At a time when the production of plastic masks and packaging is at an all-time high, legislation like this is especially important to environmentally-conscious people.
While disposable masks cannot be discouraged or taxed just yet, there are still steps the public can take to reduce their own Covid-related waste. Break Free from Plastic is a movement dedicated to informing the public on the threats of single-use plastic, and they advocate for a temporary solution.
“People are conscious of the environmental impacts of disposable masks,” says Break Free from Plastic’s Senior Communications Officer Jed Alegado. “That is why reusable masks are being produced.”
Reusable masks, which are cloth masks that can be worn multiple times after being washed, are crucial to the fight against Covid-related plastic pollution.
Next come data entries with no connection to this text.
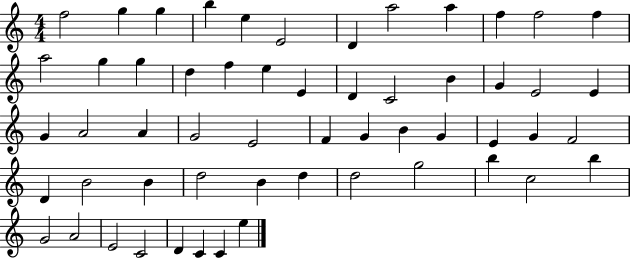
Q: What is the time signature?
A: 4/4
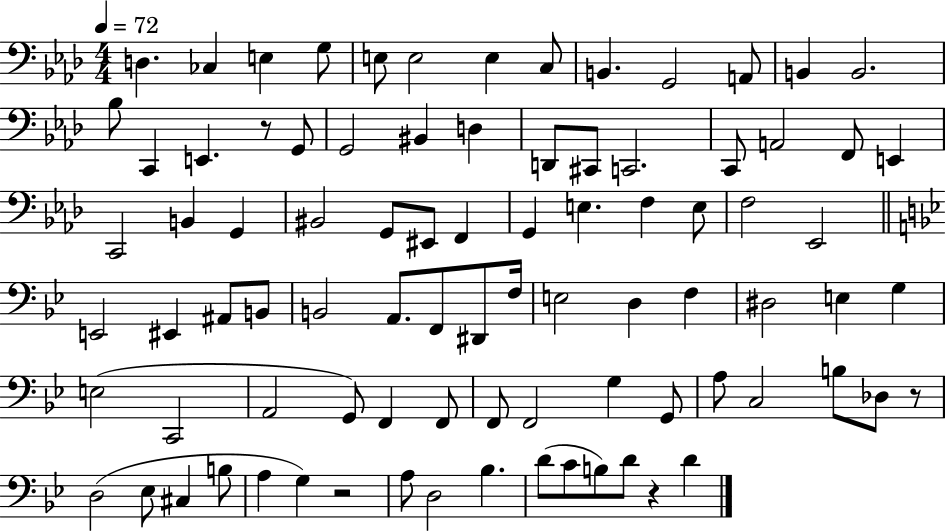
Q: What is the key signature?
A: AES major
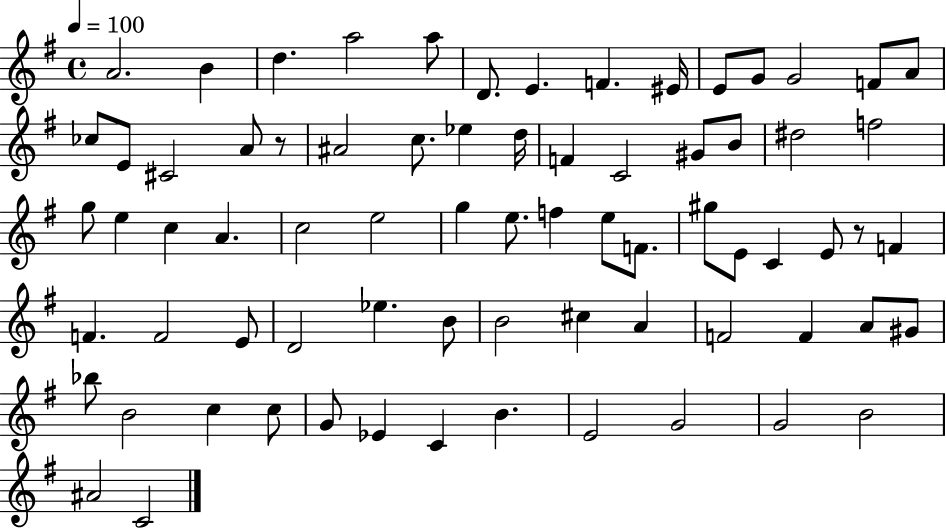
{
  \clef treble
  \time 4/4
  \defaultTimeSignature
  \key g \major
  \tempo 4 = 100
  a'2. b'4 | d''4. a''2 a''8 | d'8. e'4. f'4. eis'16 | e'8 g'8 g'2 f'8 a'8 | \break ces''8 e'8 cis'2 a'8 r8 | ais'2 c''8. ees''4 d''16 | f'4 c'2 gis'8 b'8 | dis''2 f''2 | \break g''8 e''4 c''4 a'4. | c''2 e''2 | g''4 e''8. f''4 e''8 f'8. | gis''8 e'8 c'4 e'8 r8 f'4 | \break f'4. f'2 e'8 | d'2 ees''4. b'8 | b'2 cis''4 a'4 | f'2 f'4 a'8 gis'8 | \break bes''8 b'2 c''4 c''8 | g'8 ees'4 c'4 b'4. | e'2 g'2 | g'2 b'2 | \break ais'2 c'2 | \bar "|."
}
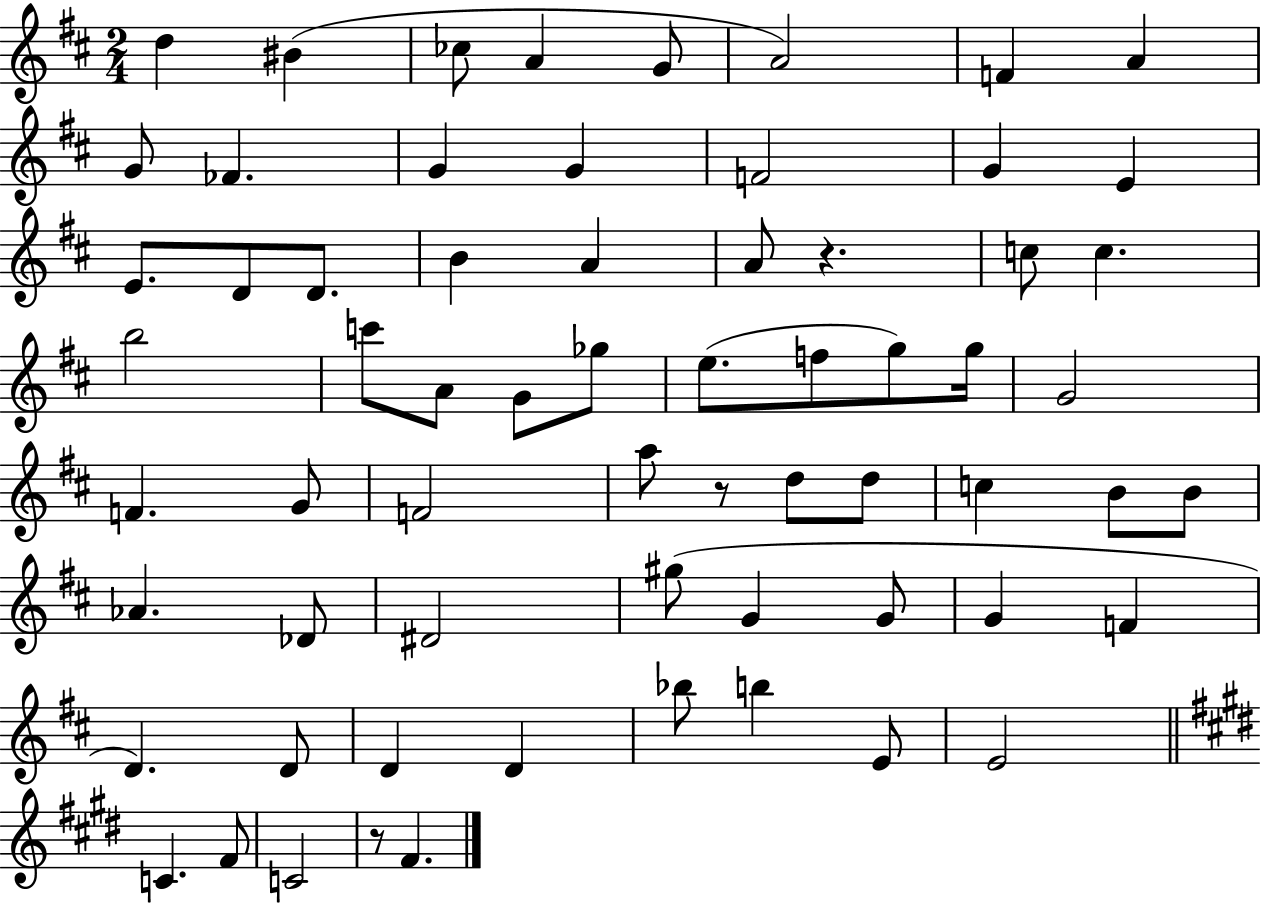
{
  \clef treble
  \numericTimeSignature
  \time 2/4
  \key d \major
  d''4 bis'4( | ces''8 a'4 g'8 | a'2) | f'4 a'4 | \break g'8 fes'4. | g'4 g'4 | f'2 | g'4 e'4 | \break e'8. d'8 d'8. | b'4 a'4 | a'8 r4. | c''8 c''4. | \break b''2 | c'''8 a'8 g'8 ges''8 | e''8.( f''8 g''8) g''16 | g'2 | \break f'4. g'8 | f'2 | a''8 r8 d''8 d''8 | c''4 b'8 b'8 | \break aes'4. des'8 | dis'2 | gis''8( g'4 g'8 | g'4 f'4 | \break d'4.) d'8 | d'4 d'4 | bes''8 b''4 e'8 | e'2 | \break \bar "||" \break \key e \major c'4. fis'8 | c'2 | r8 fis'4. | \bar "|."
}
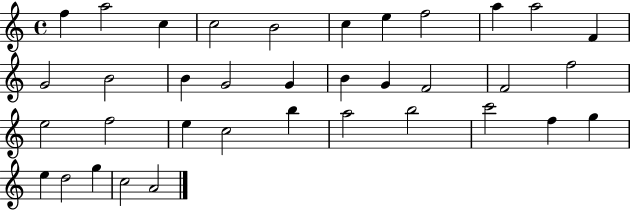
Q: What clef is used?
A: treble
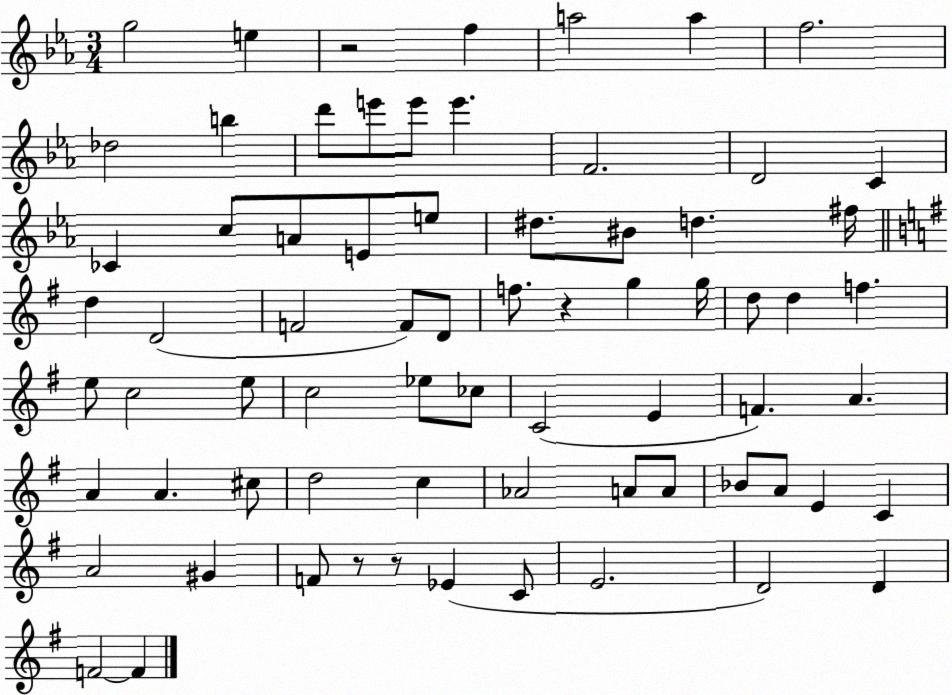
X:1
T:Untitled
M:3/4
L:1/4
K:Eb
g2 e z2 f a2 a f2 _d2 b d'/2 e'/2 e'/2 e' F2 D2 C _C c/2 A/2 E/2 e/2 ^d/2 ^B/2 d ^f/4 d D2 F2 F/2 D/2 f/2 z g g/4 d/2 d f e/2 c2 e/2 c2 _e/2 _c/2 C2 E F A A A ^c/2 d2 c _A2 A/2 A/2 _B/2 A/2 E C A2 ^G F/2 z/2 z/2 _E C/2 E2 D2 D F2 F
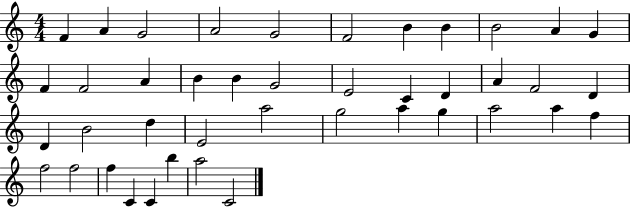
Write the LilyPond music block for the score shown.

{
  \clef treble
  \numericTimeSignature
  \time 4/4
  \key c \major
  f'4 a'4 g'2 | a'2 g'2 | f'2 b'4 b'4 | b'2 a'4 g'4 | \break f'4 f'2 a'4 | b'4 b'4 g'2 | e'2 c'4 d'4 | a'4 f'2 d'4 | \break d'4 b'2 d''4 | e'2 a''2 | g''2 a''4 g''4 | a''2 a''4 f''4 | \break f''2 f''2 | f''4 c'4 c'4 b''4 | a''2 c'2 | \bar "|."
}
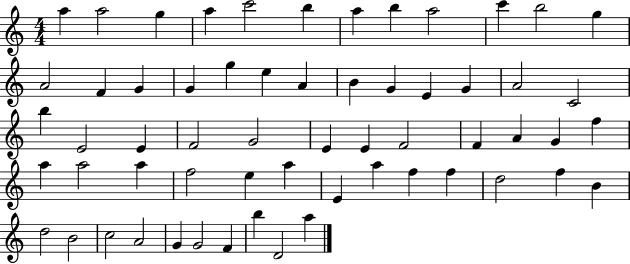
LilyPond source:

{
  \clef treble
  \numericTimeSignature
  \time 4/4
  \key c \major
  a''4 a''2 g''4 | a''4 c'''2 b''4 | a''4 b''4 a''2 | c'''4 b''2 g''4 | \break a'2 f'4 g'4 | g'4 g''4 e''4 a'4 | b'4 g'4 e'4 g'4 | a'2 c'2 | \break b''4 e'2 e'4 | f'2 g'2 | e'4 e'4 f'2 | f'4 a'4 g'4 f''4 | \break a''4 a''2 a''4 | f''2 e''4 a''4 | e'4 a''4 f''4 f''4 | d''2 f''4 b'4 | \break d''2 b'2 | c''2 a'2 | g'4 g'2 f'4 | b''4 d'2 a''4 | \break \bar "|."
}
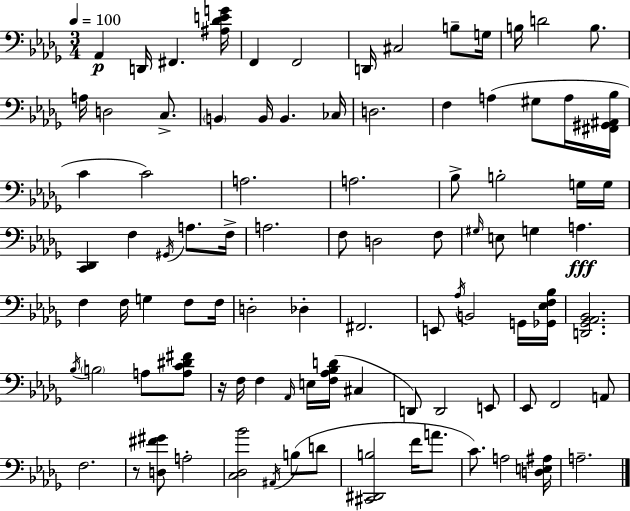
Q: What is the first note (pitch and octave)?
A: Ab2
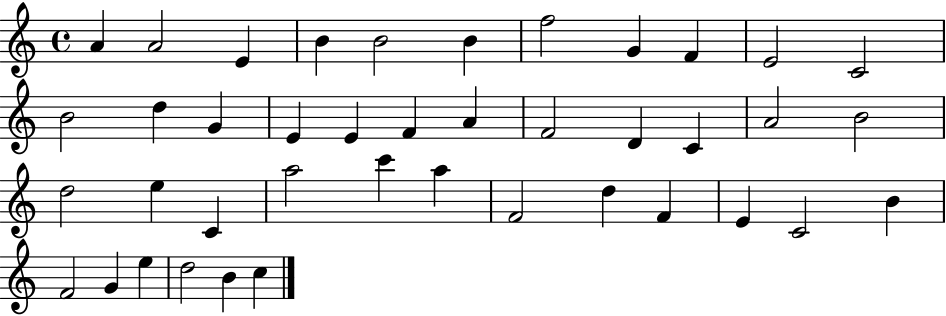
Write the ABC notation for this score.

X:1
T:Untitled
M:4/4
L:1/4
K:C
A A2 E B B2 B f2 G F E2 C2 B2 d G E E F A F2 D C A2 B2 d2 e C a2 c' a F2 d F E C2 B F2 G e d2 B c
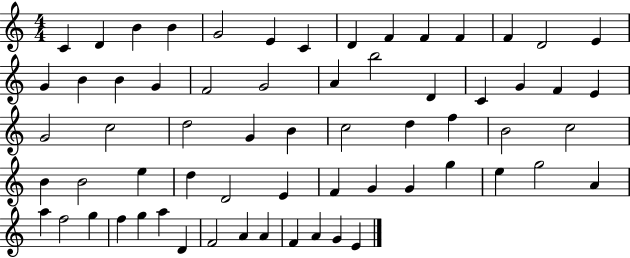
C4/q D4/q B4/q B4/q G4/h E4/q C4/q D4/q F4/q F4/q F4/q F4/q D4/h E4/q G4/q B4/q B4/q G4/q F4/h G4/h A4/q B5/h D4/q C4/q G4/q F4/q E4/q G4/h C5/h D5/h G4/q B4/q C5/h D5/q F5/q B4/h C5/h B4/q B4/h E5/q D5/q D4/h E4/q F4/q G4/q G4/q G5/q E5/q G5/h A4/q A5/q F5/h G5/q F5/q G5/q A5/q D4/q F4/h A4/q A4/q F4/q A4/q G4/q E4/q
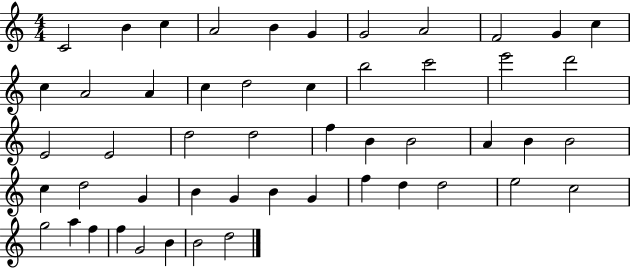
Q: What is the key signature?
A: C major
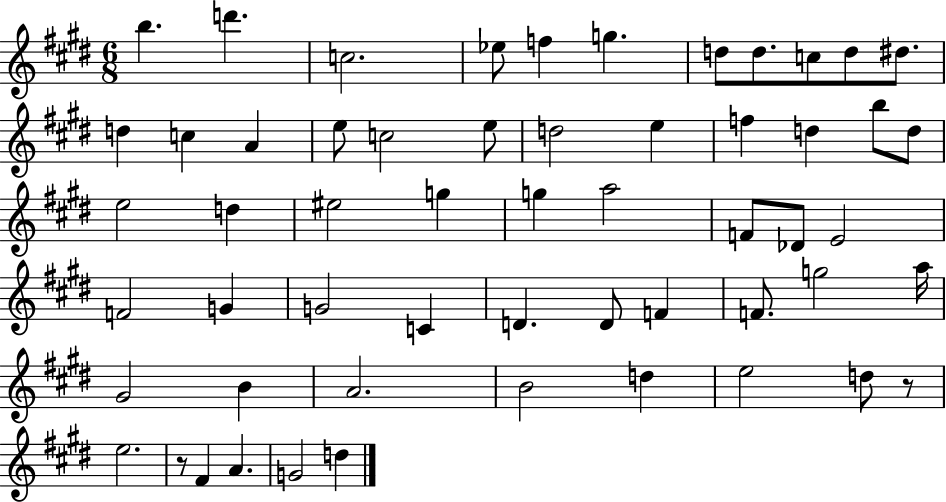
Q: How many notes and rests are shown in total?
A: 56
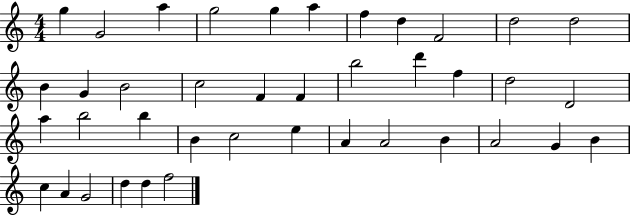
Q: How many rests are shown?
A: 0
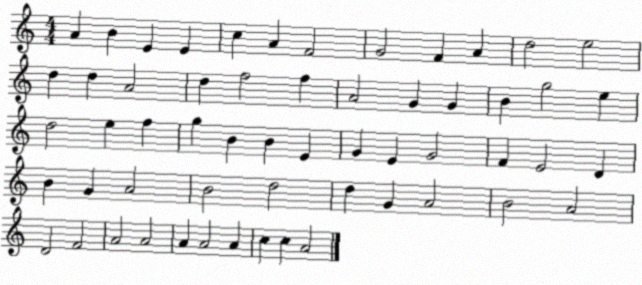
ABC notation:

X:1
T:Untitled
M:4/4
L:1/4
K:C
A B E E c A F2 G2 F A d2 e2 d d A2 d f2 f A2 G G B g2 e d2 e f g B B E G E G2 F E2 D B G A2 B2 d2 d G A2 B2 A2 D2 F2 A2 A2 A A2 A c c A2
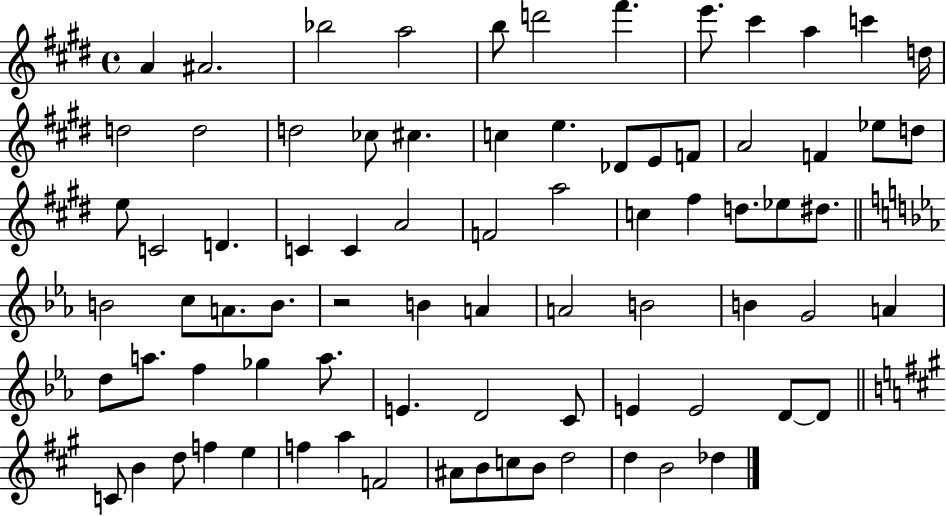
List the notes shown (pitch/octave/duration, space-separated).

A4/q A#4/h. Bb5/h A5/h B5/e D6/h F#6/q. E6/e. C#6/q A5/q C6/q D5/s D5/h D5/h D5/h CES5/e C#5/q. C5/q E5/q. Db4/e E4/e F4/e A4/h F4/q Eb5/e D5/e E5/e C4/h D4/q. C4/q C4/q A4/h F4/h A5/h C5/q F#5/q D5/e. Eb5/e D#5/e. B4/h C5/e A4/e. B4/e. R/h B4/q A4/q A4/h B4/h B4/q G4/h A4/q D5/e A5/e. F5/q Gb5/q A5/e. E4/q. D4/h C4/e E4/q E4/h D4/e D4/e C4/e B4/q D5/e F5/q E5/q F5/q A5/q F4/h A#4/e B4/e C5/e B4/e D5/h D5/q B4/h Db5/q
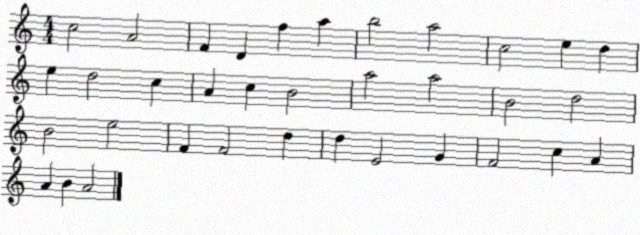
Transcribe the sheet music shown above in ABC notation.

X:1
T:Untitled
M:4/4
L:1/4
K:C
c2 A2 F D f a b2 a2 c2 e d e d2 c A c B2 a2 a2 B2 d2 B2 e2 F F2 d d E2 G F2 c A A B A2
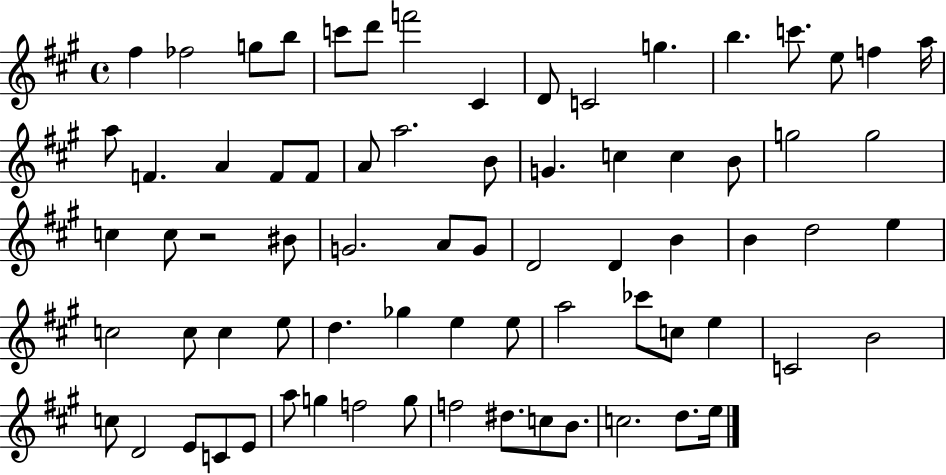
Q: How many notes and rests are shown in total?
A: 73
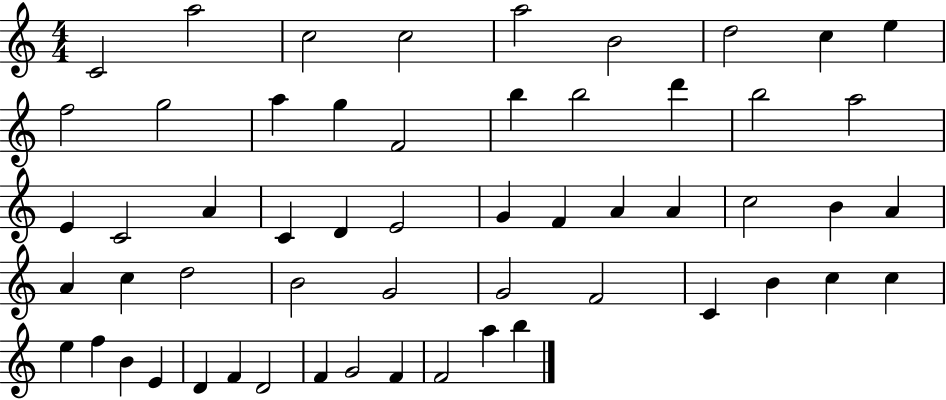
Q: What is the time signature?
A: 4/4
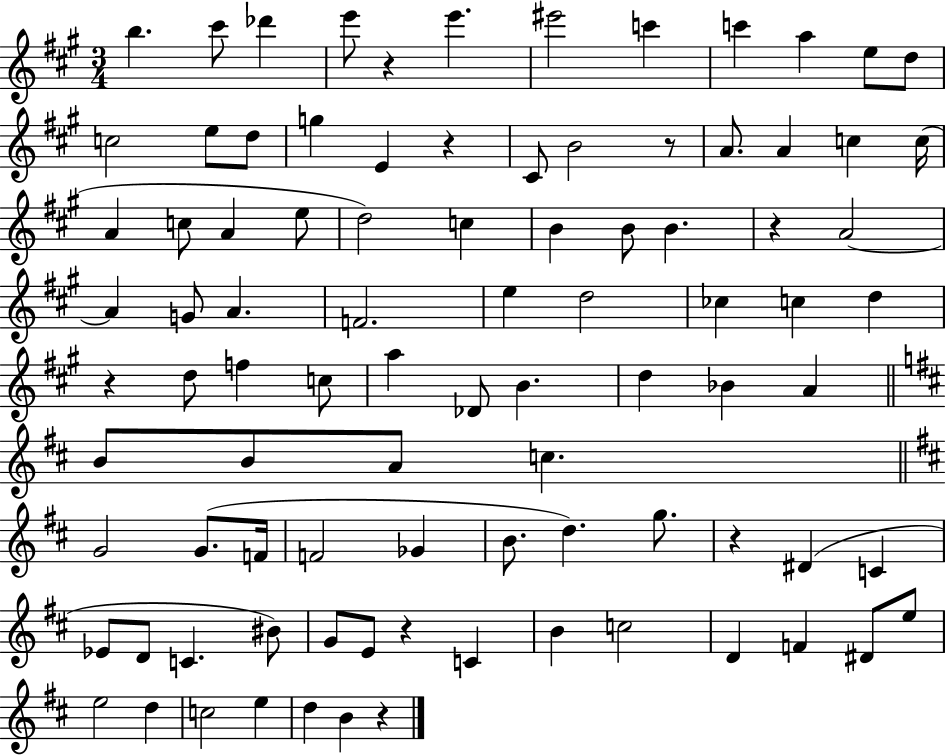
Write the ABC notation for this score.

X:1
T:Untitled
M:3/4
L:1/4
K:A
b ^c'/2 _d' e'/2 z e' ^e'2 c' c' a e/2 d/2 c2 e/2 d/2 g E z ^C/2 B2 z/2 A/2 A c c/4 A c/2 A e/2 d2 c B B/2 B z A2 A G/2 A F2 e d2 _c c d z d/2 f c/2 a _D/2 B d _B A B/2 B/2 A/2 c G2 G/2 F/4 F2 _G B/2 d g/2 z ^D C _E/2 D/2 C ^B/2 G/2 E/2 z C B c2 D F ^D/2 e/2 e2 d c2 e d B z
If the average person were to switch to cloth masks after changing their disposable mask daily for six months, they’d save 182 plastic masks by the end of the year.
People would also have the option to support small businesses that supply them, saving money in the long run as they eliminate the need to purchase new PPE over time.
While not everyone will be inclined to opt for a cloth mask over a disposable one, the impact of just one person’s sustainable choice is not insignificant. Until vaccines have been more widely distributed, allowing for the potential taxation of single-use masks, strategies like Extended Producer Responsibility will be essential to protecting the environment.
Many believe it’s up to organizations like the Environmental Advocates of New York and Break Free from Plastic to advocate for similar policies at a governmental level, but they don’t have to work alone.
What to do now if you want to help? Buy a sustainable mask, they say. It’s the most, and the least, you can do.